Biotech companies on the island of Kauai have replaced many of these traditional crops with genetically modified commodity seeds, mostly corn and soybean. According to a PBS News Hour segment that aired last December, four corporations — Dupont, Syngenta, Dow Chemical and BASF — own or lease almost 20 percent of Kauai’s farming land. The land is used for research into genetically modified seeds that are exported throughout the United States and abroad.

A Food & Water Watch study found that GMO production techniques involve more herbicides and pesticides than traditional farming methods — such as crop rotation — to prevent invasion of pests and weeds. In addition, GMO production practices promote soil erosion and runoff, further exposing surrounding communities to the toxic chemicals through wind drift and drinking water contamination.

Families who live near the biotech operations have experienced higher rates of cancer, asthma and birth defects.
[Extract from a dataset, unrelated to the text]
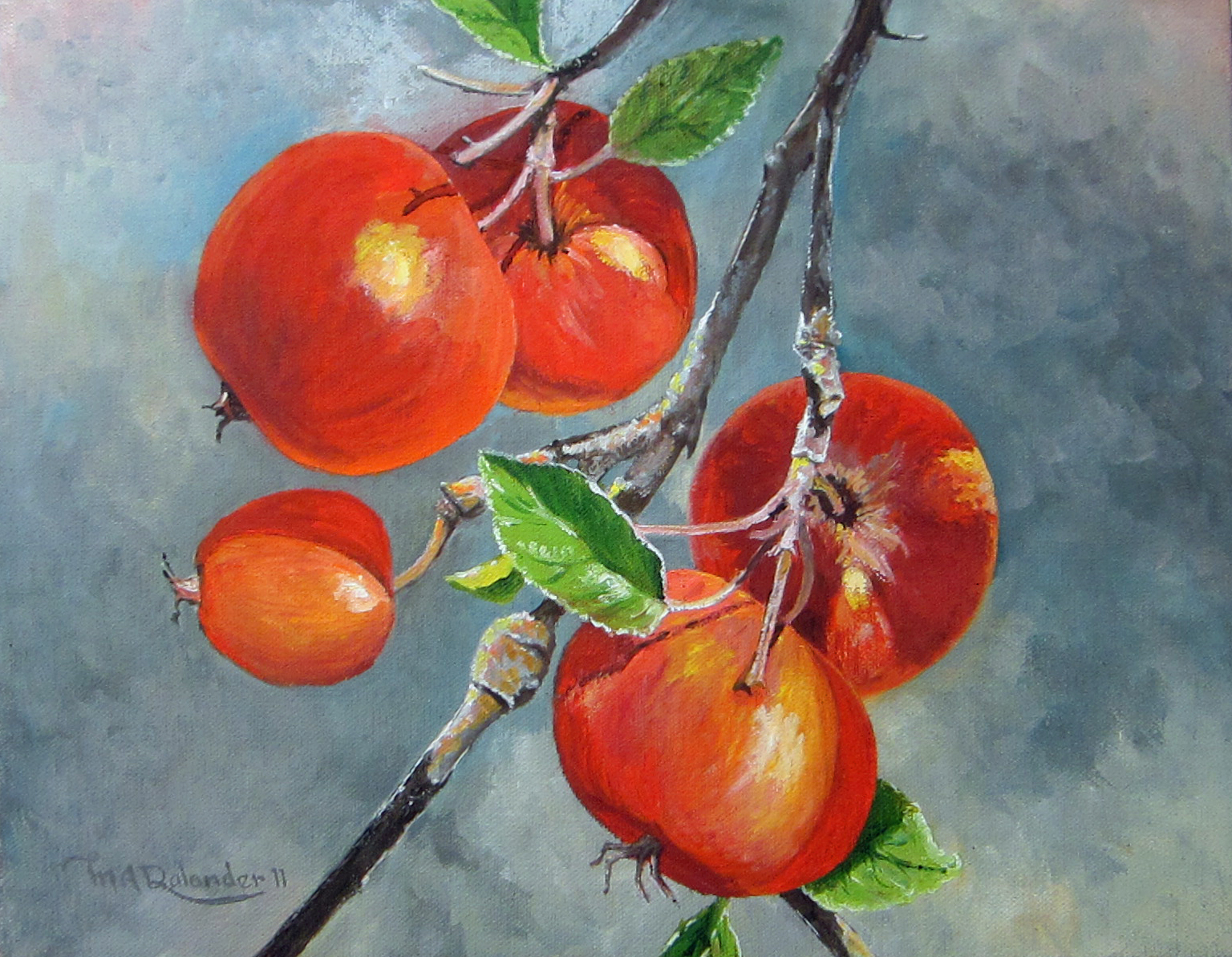 Petit Rousset Apples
Residents believe there may be a link between their illnesses and the pesticides that drift regularly onto their properties and infiltrate their homes, schools, hospitals and businesses. However, Kauai residents and doctors cannot definitely affirm the link because the biotech corporations refuse to disclose the types, levels and incidents of their pesticides use. No doubt, these corporations are concerned that conclusive evidence would expose them to legal liability for the injuries their chemicals caused and force them to stop their profitable operations. So, keeping GMO and pesticide data secret is more important than allowing medical researches and consumers to investigate whether the agricultural practices are safe.

The community of Kauai passed County Code § 22-22 in an effort to obtain the information residents need to protect their health. Predictably, the biggest biotech corporations in Kauai sued the county, alleging state and federal law preempts the local ordinance, the law violates their rights to due process and the burdensome restrictions and penalties effectuate a taking of the corporations’ property. The U.S. District Court Judge agreed with the plaintiffs.

Although a setback for the residents, consumers and farmers of Kauai, the ruling is not affirmation of the plaintiffs’ longstanding position that GMOs and pesticides are safe. Rather, the judge’s decision in the Kauai crop case is based solely on a technical issue, the application of law to the case.

U.S. District Court Judge Barry Kurren makes this point clear when he explains his ruling:

"This decision in no way diminishes the health and environmental concerns of the people of Kauai. The Court's ruling simply recognizes that the State of Hawaii has established a comprehensive framework for addressing the application of restricted use pesticides and the planting of GMO crops, which presently precludes local regulation by the County."

Goliath won this battle, but David may still win the war.